Phys165 - Fall 2019
Lab 3 - Possible Asteroid Impact of Earth
Author: "Evan Shipley"
Date: 11/19/2019
In this Lab we will determine if a known Asteroid that has been spotted approaching earth will impact the earth!
The Asteroid's Position and speed have been measure very accurately. But the Asteroids angle (i.e direction), within the the plane of the orbit, is only known to a limited precision.
You are tasked to dermine if the Asteroid is a danger to earth given the measured parameters for initial position and velocity.
The equations that govern the future motion are from Newton's law and the law of gravity:
$\;\;\;\;\; \vec{F}=m\vec{a}=m\ddot{\vec{r}} \;\;\;\;\; \vec{F}_{Grav} = -\frac{GMm}{r^2}\hat{r}=-\frac{GMm}{r^3}\vec{r}$
where $M$ is Earth's mass, $m$ is Asteroid's mass, $r$ is the distance from Earth's center to the asteroid, and $G$ is Newton's gravitational constant.
For our problem, in the plane of the orbit, this becomes a 2-d problem, for which we will use cartesian coordinates (x,y) with the center of the Earth as the origin.

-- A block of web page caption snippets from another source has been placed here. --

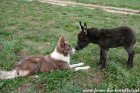 KAPUCCINO des Tourelles - ânon miniature & OLMEDA jeune Border Collie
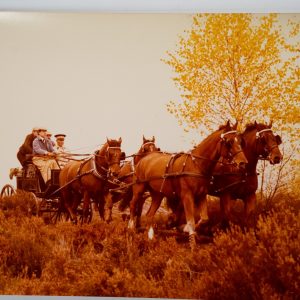 PHOTO Argentique cochers Attelage de Chevaux de Trait; rallye équestre 18X24cm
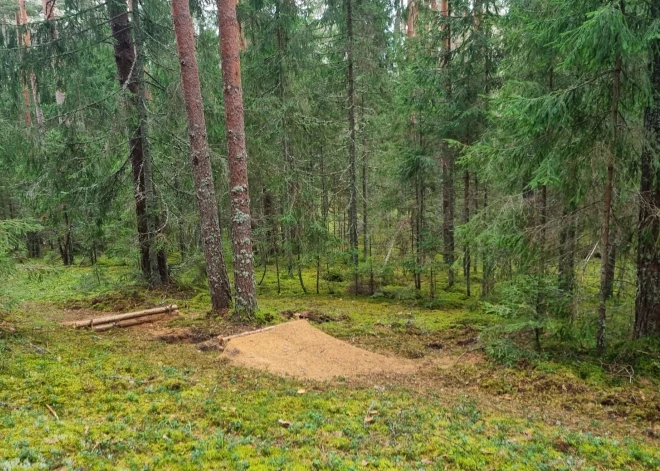 Gaujas Nacionālajā parkā kāds nelikumīgi ierīkojis kalnu nobraucienu trasi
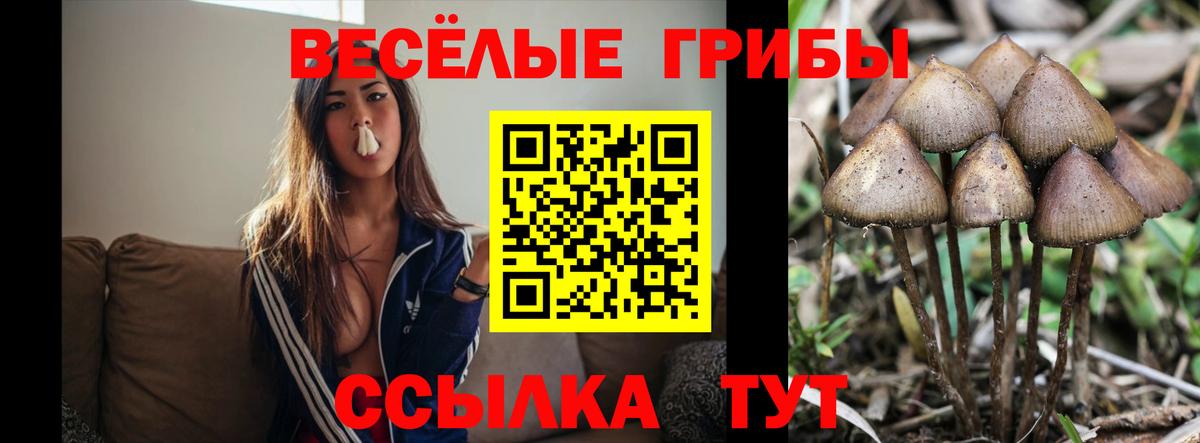Барнаул  Галлюциногенные грибы мухоморы  Вход с VPN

Then, using $\vec{r}=x\hat{i}+y\hat{j}$ the vector equations above can be written as:
$\;\;\;\; m(\ddot{x}\hat{i}+\ddot{y}\hat{j})=-\frac{GMm}{(x^2+y^2)^{3/2}}(x\hat{i}+y\hat{j})$
or canceling the $m$ on both sides and writing the equations for each vector component,
$\;\;\;\; \ddot{x}=-\frac{GM}{(x^2+y^2)^{3/2}}x$
$\;\;\;\; \ddot{y}=-\frac{GM}{(x^2+y^2)^{3/2}}y$
As we did in homework 6 and the class examples, we can break the 2nd oder ODEs into coupled 1st order ODEs. In this case we have 2 coupled 2nd order ODEs to be written as 4 couple 1st order ODEs. Then we implement these in python by using the notation:
$y_1=x$
$y_2=\dot{x} = \dot{y_1}$
$y_3=y$
$y_4=\dot{y} = \dot{y_3}$
Then the 4 coupled 1st order ODEs are:
$\dot{y_1} = \dot{x}=y_2$
$\dot{y_2} = \ddot{x} = -\frac{GM}{(x^2+y^2)^{3/2}}x = -\frac{GM}{(y_1^2+y_3^2)^{3/2}}y_1$
$\dot{y_3} = y_4$
$\dot{y_4} = \ddot{y} = -\frac{GM}{(x^2+y^2)^{3/2}}y= -\frac{GM}{(y_1^2+y_3^2)^{3/2}}y_3$
Putting this in array form for use with odeint in python:
$\;\;\;\; \mathbf{y} = \left[ \begin{array}{c} y_1 \\ y_2 \\y_3 \\y_4 \end{array} \right] \;\;\;\;\;\;\;\; \frac{d\mathbf{y}}{dt} = \left[ \begin{array}{c} y_2 \\ -\frac{GM}{(y_1^2+y_3^2)^{3/2}}y_1 \\ y_4 \\ -\frac{GM}{(y_1^2+y_3^2)^{3/2}}y_3 \end{array} \right]$
where the second equation for the 1st derivative is what you write as your user function "def F(y,t):" that odeint calls. (see examples from class on ELMS)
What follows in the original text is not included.